The National Committee on U.S.-China Relations is the leading American nonprofit, nonpartisan organization that encourages understanding of China and the United States among citizens of both countries.

Feb 5, 2019

China's high-tech industries have grown rapidly in recent years, as companies like Tencent and Alibaba achieve global name recognition and the quality of the country's digital infrastructure improves. To accelerate the development of its industrial capacity, Beijing has launched ‘Made in China 2025,’ a strategic blueprint that seeks to make China a global leader in high-tech manufacturing industries currently dominated by the United States and other developed economies. American opposition to the policy centers on arguments that it poses a national security threat, and would harm U.S. companies and distort global markets with its reliance on government subsidies, discriminatory treatment of foreign investment, forced technology transfers, intellectual property theft, and cyber espionage. Professor Yu Zhou of Vassar College explains why China is pursuing this initiative, its effect on China's technological capabilities, and the potential for cooperation—rather than competition—between the United States and China.

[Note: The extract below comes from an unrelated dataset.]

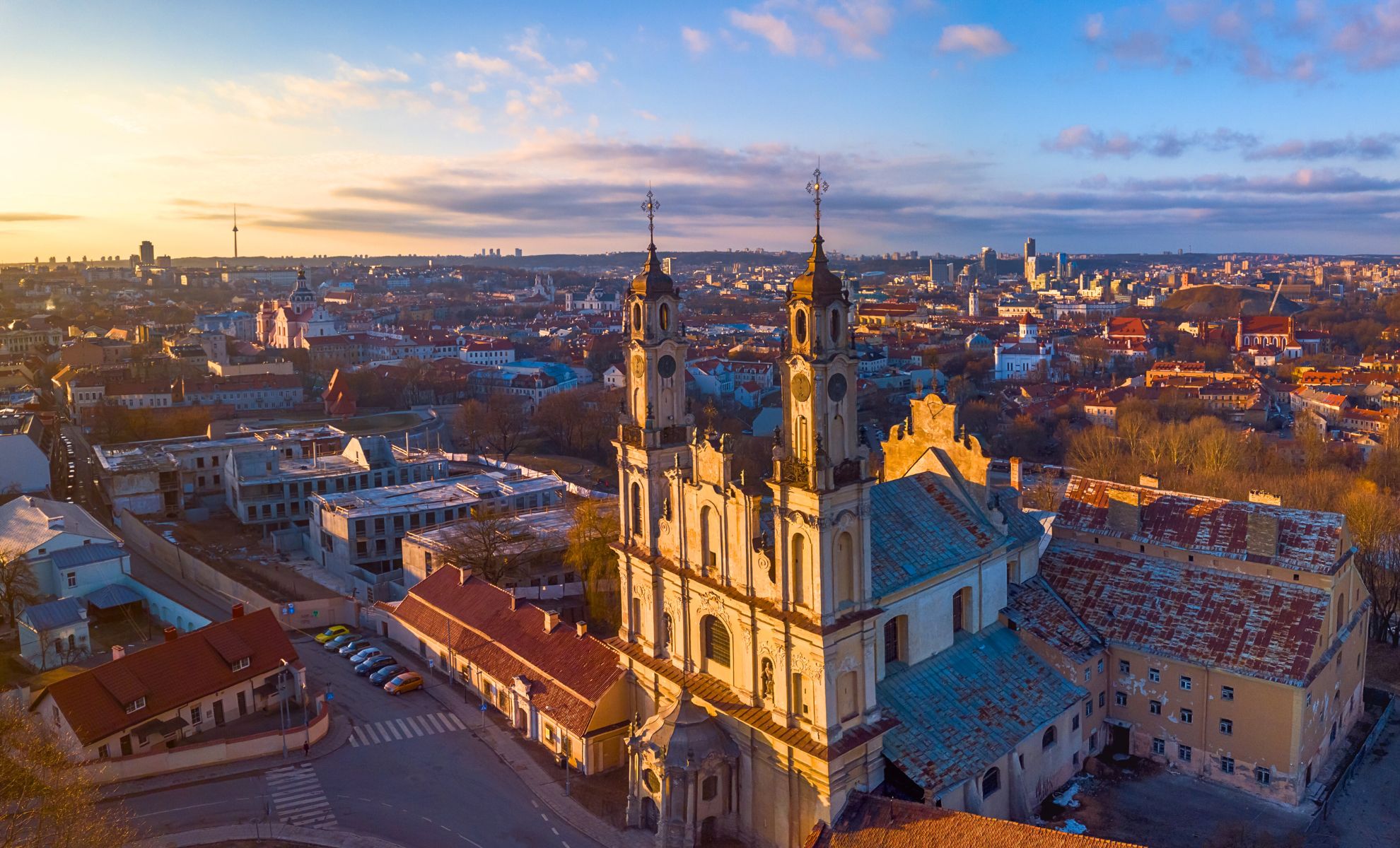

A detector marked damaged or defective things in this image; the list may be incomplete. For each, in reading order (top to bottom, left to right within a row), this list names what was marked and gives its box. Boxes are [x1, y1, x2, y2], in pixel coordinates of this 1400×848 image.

rusty metal roof [1058, 478, 1343, 579]
rusty metal roof [1047, 546, 1327, 691]
rusty metal roof [879, 624, 1086, 794]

Yu Zhou is Professor of Geography at Vassar College. Professor Zhou received Bachelor and Master’s degrees from the Department of Regional and Environmental Sciences (formerly Geography) at Peking University and received a PhD in geography from the University of Minnesota in 1995. Her current research is on globalization and high-tech industries in China. More recently, she has done research into China’s green building program and urban sustainability. In the United States, her work focuses on the areas of ethnic business, gender and ethnic communities, and transnational business networks. In 2008, she was selected as a fellow of the National Committee on U.S.-China Relations' Public Intellectuals Program. She has been interviewed by The New York Times, The Washington Post, and Voice of America, among others.